Maybe it’s not the vitamin D from the sun that helps people with multiple sclerosis, but rather the UVB radiation.
That’s right… the same radiation that causes skin cancer.
A study out of Harvard under the team of Helen Tremlett, PhD, a professor in neuroepidemiology and multiple sclerosis at the Djavad Mowafaghian Centre for Brain Health, mapped the sun exposure over the life of multiple sclerosis patients using state-of-the-art information from NASA.
Taken from the Nurses’ Health Study cohort, 3,226 people with multiple sclerosis (MS) were geocoded.
This information was then cross referenced and analyzed with data from NASA tracking UVB radiation.
Tremlett and her team went to Boston specifically for the Nurses’ Health Study cohort.
“It is a huge and powerful resource to look at these kinds of questions. They have been following women who were nurses across the U.S. Over time, some have developed conditions such as MS,” Tremlett told Healthline.
Those who lived in high UVB areas had a 45 percent lower risk of MS. Also associated with a reduced risk was high summer sun exposure in high UVB areas.
“People didn’t have to have a lot of skin showing, but just to be outside in the sunlight,” Tremlett said.
The body creates vitamin D when exposed to sunlight. However, the study suggests that there is more than vitamin D at play here.
“We don’t know how it works,” said Tremlett, “It could be, for example, that the sun hits the retina in the back of the eye, which influences how much melatonin you produce, which affects circadian rhythm. This could affect wake and sleep cycle and immune regulation,” Tremlett suggested.
Another sunny study
Another research project, the Sunshine Study, looked at lifetime sun exposure and its relationship to MS.
In addition, this study analyzed vitamin D levels and divided the cases and controls among Caucasians and people of African and Hispanic descent.
The cases and controls were taken from the membership out of Kaiser Permanente Southern California.
Many studies have documented the relationship between vitamin D and MS. But this study questions vitamin D as a cause for MS and its role in achieving better health, especially for people of African and Hispanic descent.
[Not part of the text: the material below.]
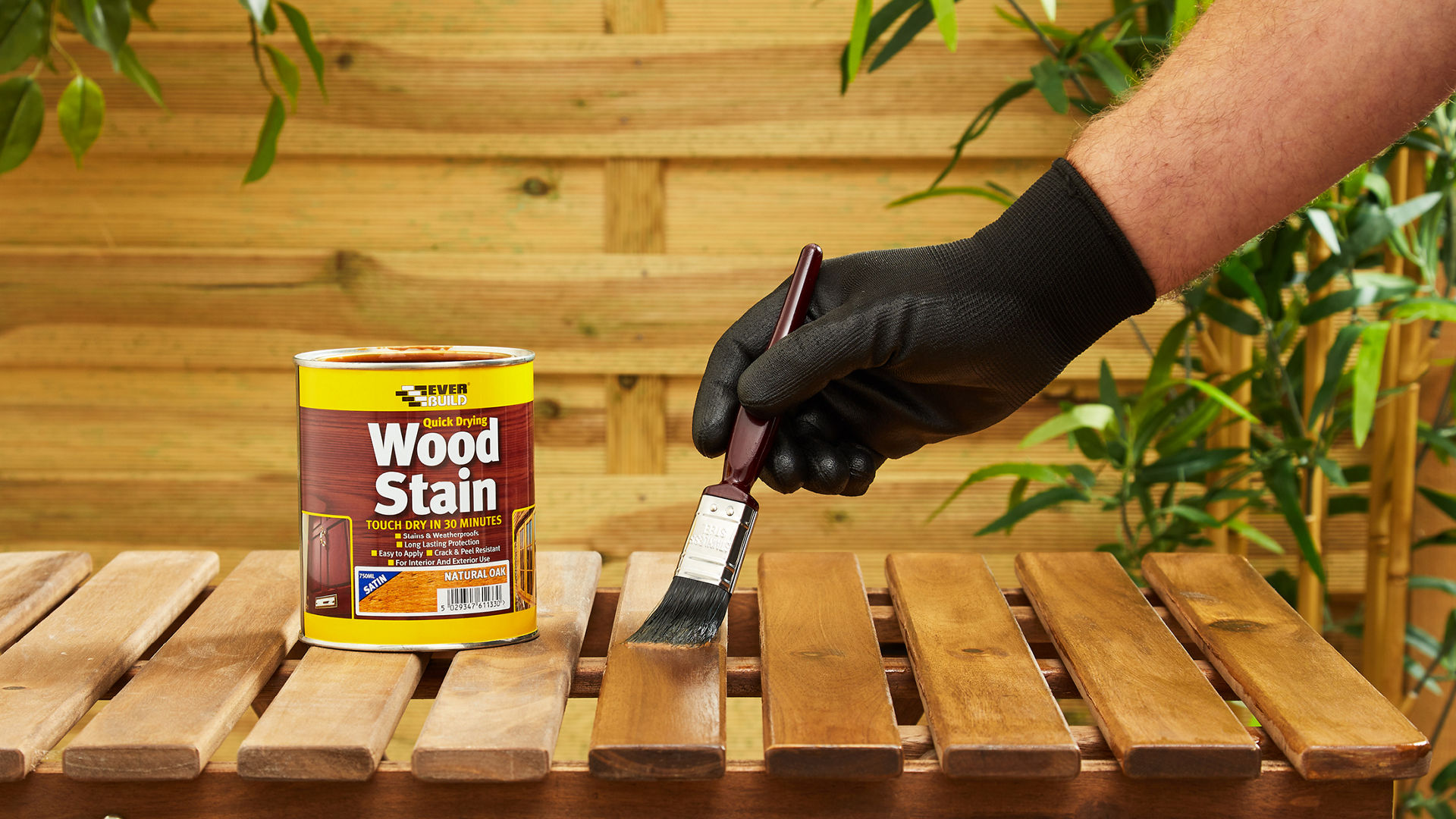 Person applying wood stain to wooden table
Higher vitamin D was associated with a lower risk of MS only in Caucasians, not in people of African and Hispanic descent. There was no association for the other subgroups.
It also found that lifetime exposure appears to reduce the risk of MS regardless of race or ethnicity.
“People who spend more time outdoors are usually engaging in some form of exercise like walking, hiking, biking, jogging, or gardening. So, it may be the combination of exercising outdoors that is really protecting people from developing MS,” said Dr. Annette Langer-Gould, who is associated with Kaiser Permanente Southern California in Pasadena, a member of the American Academy of Neurology, and a study author.
Vitamin D levels are an easy way to measure this indirectly in Caucasians, but not in people of Hispanic or African descent, whose vitamin D levels don’t go up as much, even with the same amount of sunlight exposure.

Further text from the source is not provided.